If the child is small, then it is more like a game, a special arrangement. It’s great if a parent can entrust a child with some simple function in their work: for example, put the leaves into files, cut the strings, put the pencils in the boxes, wipe the dust or help in the garden.

Another option is an additional task that is not included in the daily or usual duties of the child. For example, one of my acquaintances, a ten-year-old boy, was assigned to clean his grandmother’s apartment. Mom was faced with a choice: hire an assistant or entrust the work to her son. As a result, the child agreed and thus was able to earn.

Of course, this scheme does not suit everyone. It is important for someone that in the family the child learns to help each other and gets acquainted with such concepts as responsibility and a sense of duty.

What to pay for children

Faced with the desire of a small child to earn money, parents can, for example, play with him at work or go to KidZania, Kidburg and other cities of professions, where children gain experience in working and earning money.

Some parents give cash gifts or add to their child’s piggy bank because they have the opportunity and the mood. But this is more like a desire to encourage or a selfless contribution.

Small children cannot earn money themselves — this is a given of modern society. Faced with limitations, the child realizes that he is not equal to the adult. But when he gets a job (for example, already in his teens), he receives the privileges of adulthood, which are so important for teenagers.

As for paying for grades, in my opinion, this is an ambiguous practice. It changes the meaning of the assessment, knocks down the internal motivation to study for the external one — getting paid. In a sense, the assessment is the motivational factor, because it indicates the level of work done.

Most often I come across a situation where a child loses motivation due to problems with a teacher, for example, and he is paid to have an incentive to study again. Or he has problems with peers. In such cases, parents, not knowing what else to do, stimulate the child with money.

In order not to aggravate the situation, it is better to figure out together what is the cause of the problems and work with it, and not pay for the fact that the child will hush up the problem.

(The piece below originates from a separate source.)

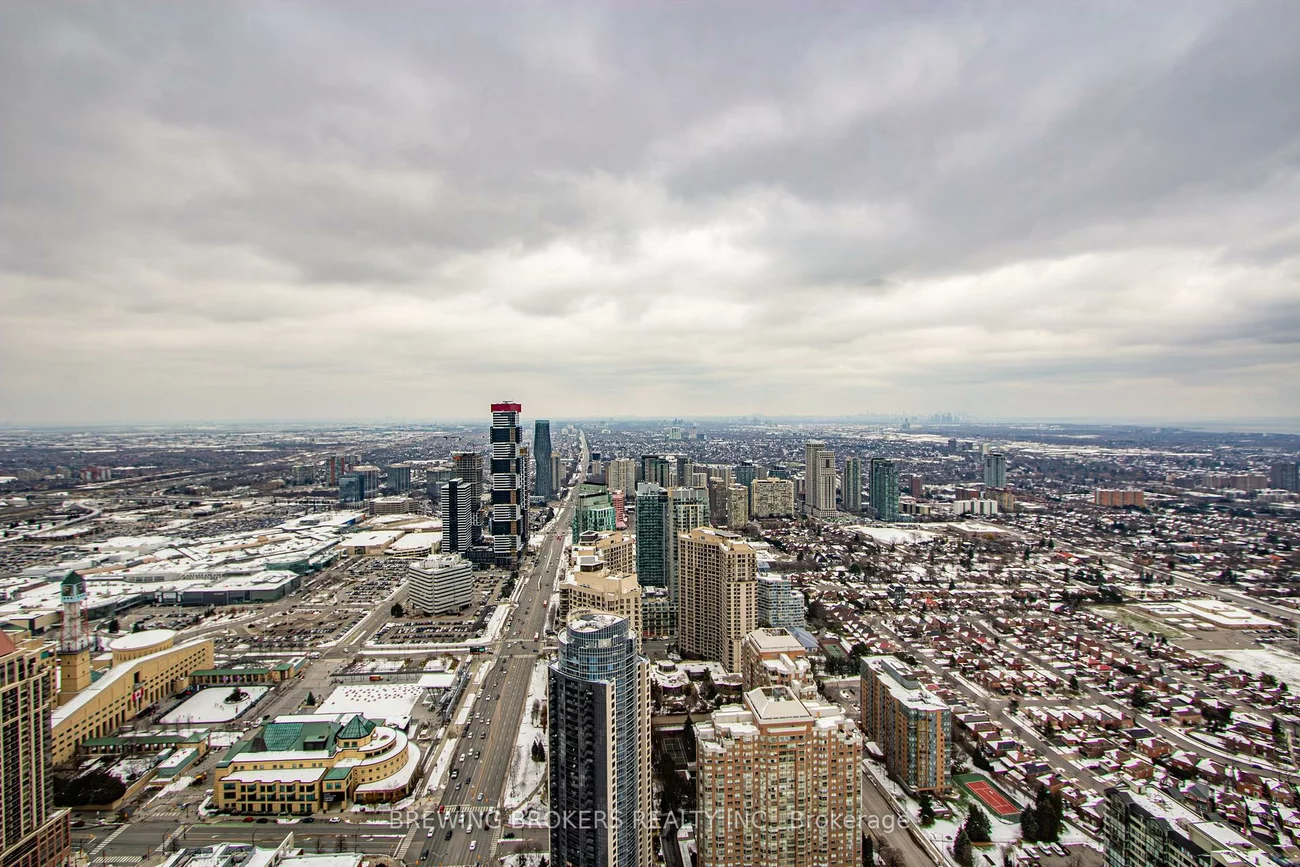 3900, Confederation, City Centre, Mississauga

Sometimes, as a reward for a good quarter or a year, parents fulfill an old dream or wish of their children, but this is already the “icing on the cake” — a special sign of pride, recognition and parental joy. Why not?

This is the difference between promotion and payment. The parent shows his positive feelings, and the money is complementary, not the center of the situation. But if this is a system of regular payments, then it emotionally devastates both parents and the child.